**ASSIGNED TASK**
Copy the lines below, please, starting with the one that contains "Ceas/alarma/sunet alb copii/bebelusi" and ending with the last. Pictures stay out.

(SOURCE MATERIAL begins)

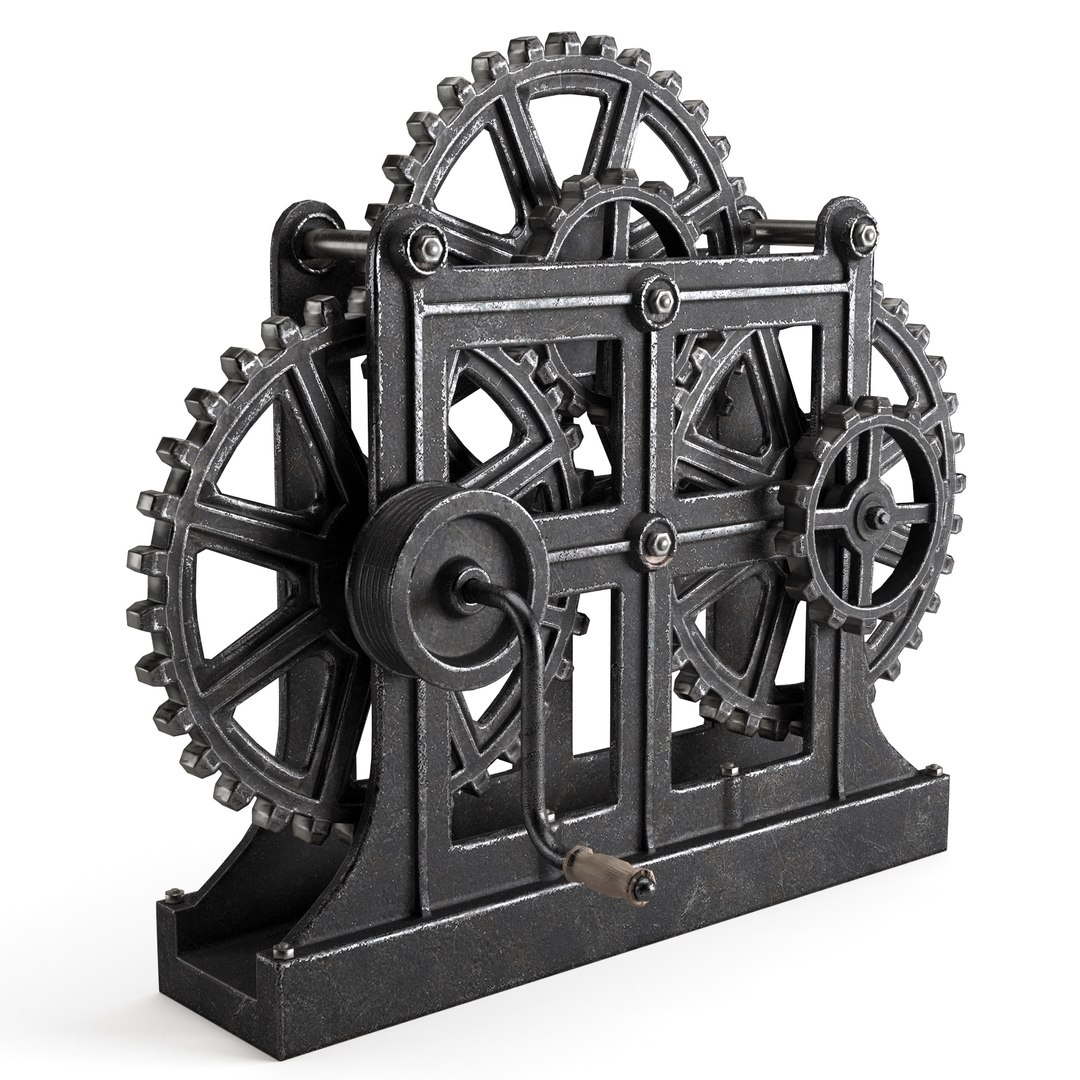 gear mechanism 3D model https://p.turbosquid.com/ts-thumb/Ms/WzO9fX/ui/001/jpg/1612134079/1920x1080/fit_q87/8b9390e5c46c7bedb2bc43013737aed2e53831a0/001.jpg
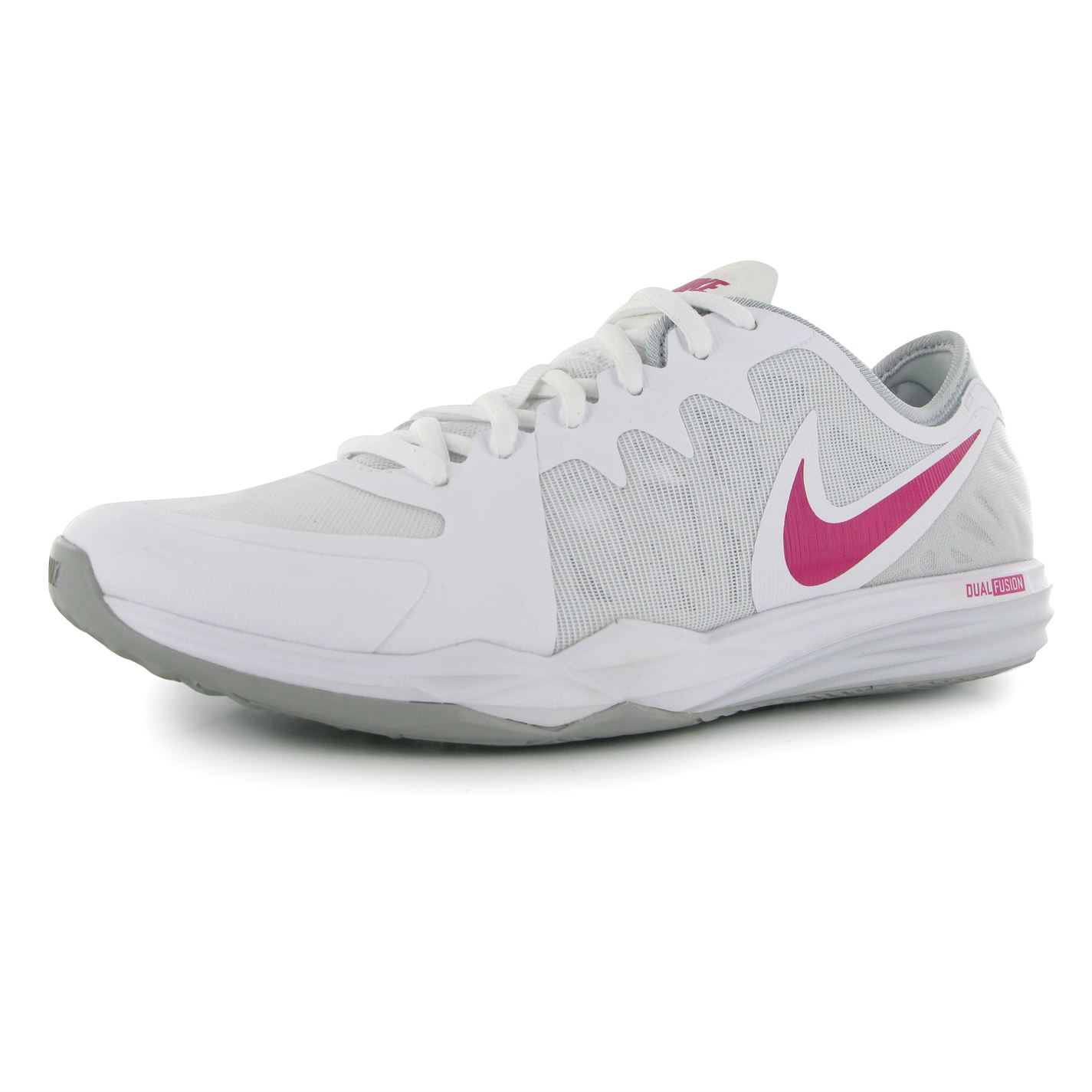 nike dual fusion ladies trainers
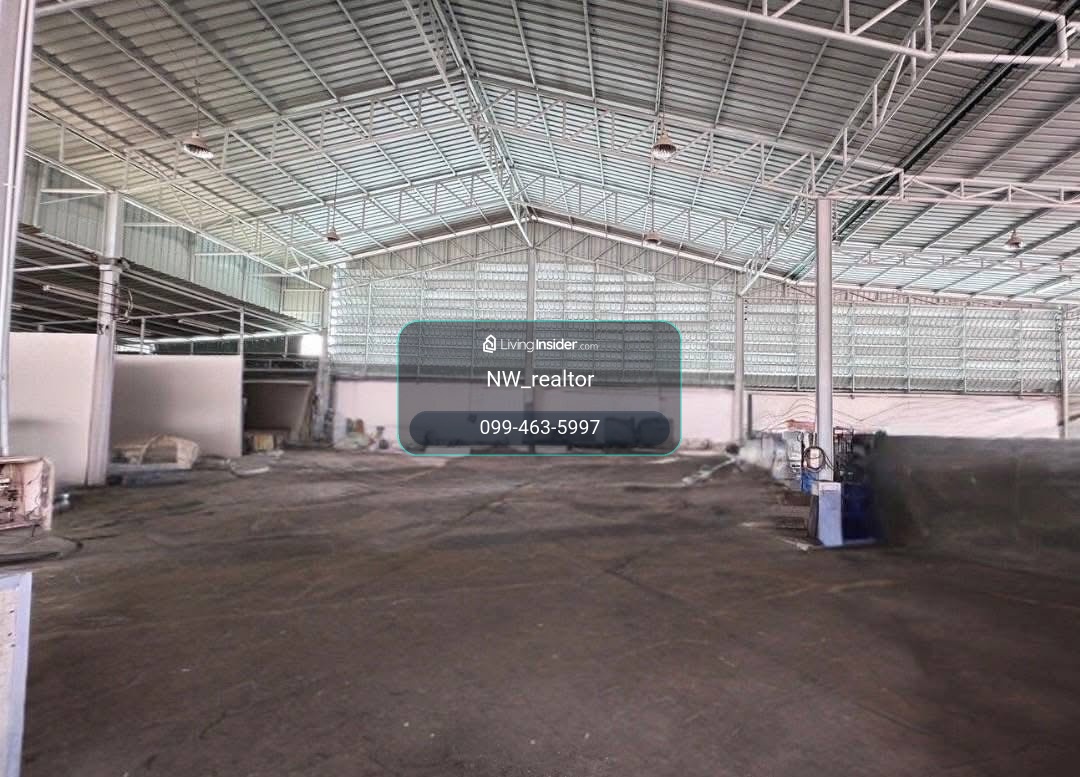 Warehouse with office for rent and worker housing + 2-story house, total area 1 rai, usable area 1,547 sq m., located in Bang Phli, Samut Prakan. – รูปที่ 4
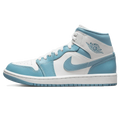 Air Jordan 1 Mid 'UNC University Blue' (2022) — view 1
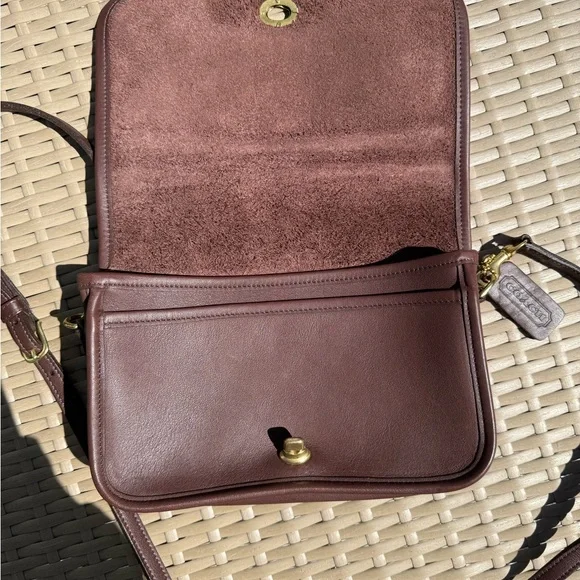 Vintage Coach Pocket Purse 9755 - Picture 6 of 8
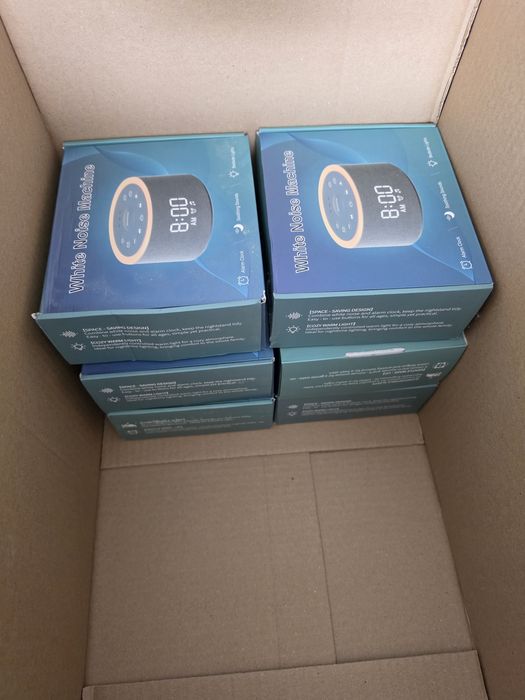 Ceas/alarma/sunet alb copii/bebelusi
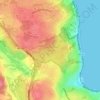 Hemlock Ravine Park topographic map, elevation, terrain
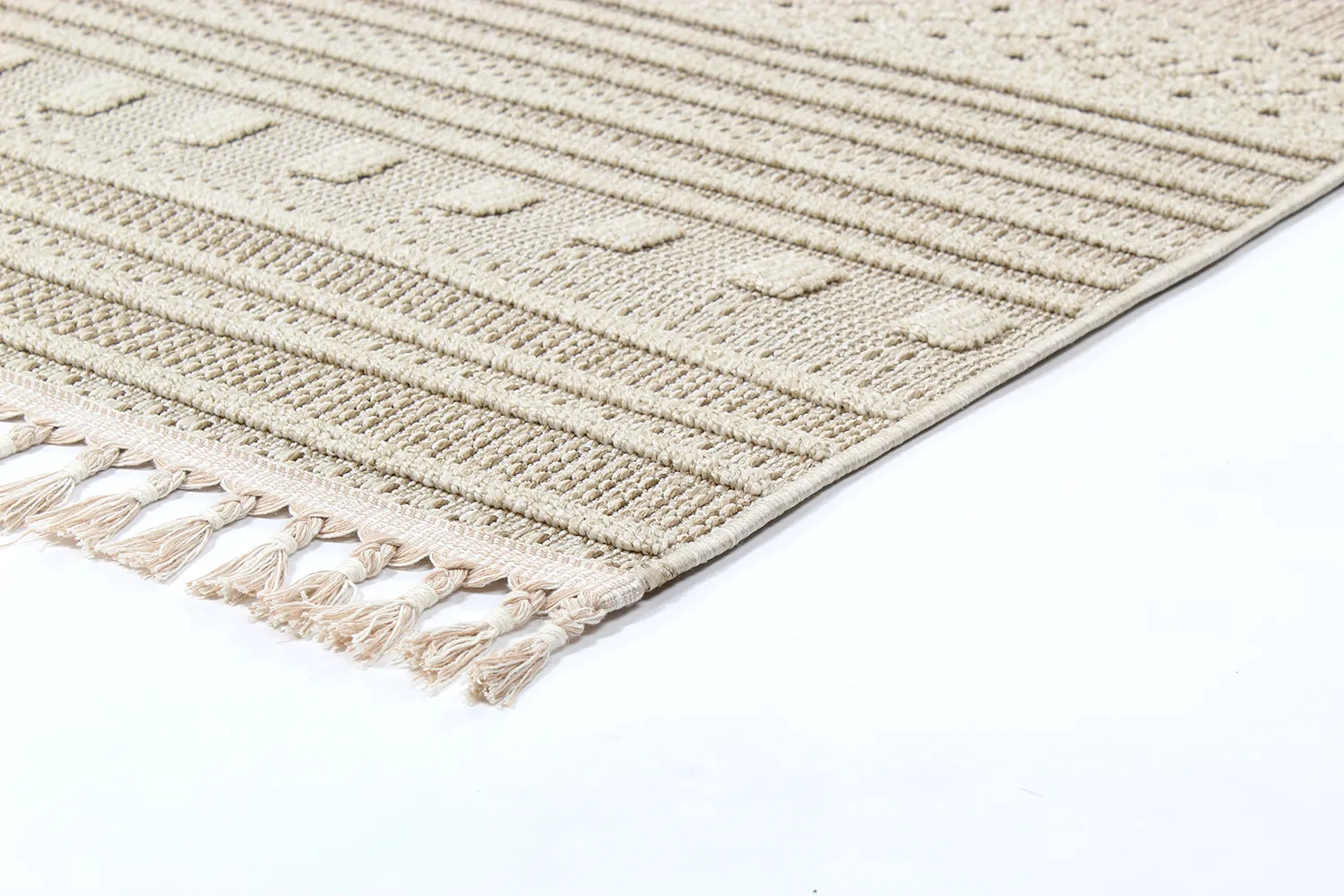 Shaggy - Indoor/Outdoor Athena (béžový)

(SOURCE MATERIAL ends)

**RESULT**
 Ceas/alarma/sunet alb copii/bebelusi
 Hemlock Ravine Park topographic map, elevation, terrain
 Shaggy - Indoor/Outdoor Athena (béžový)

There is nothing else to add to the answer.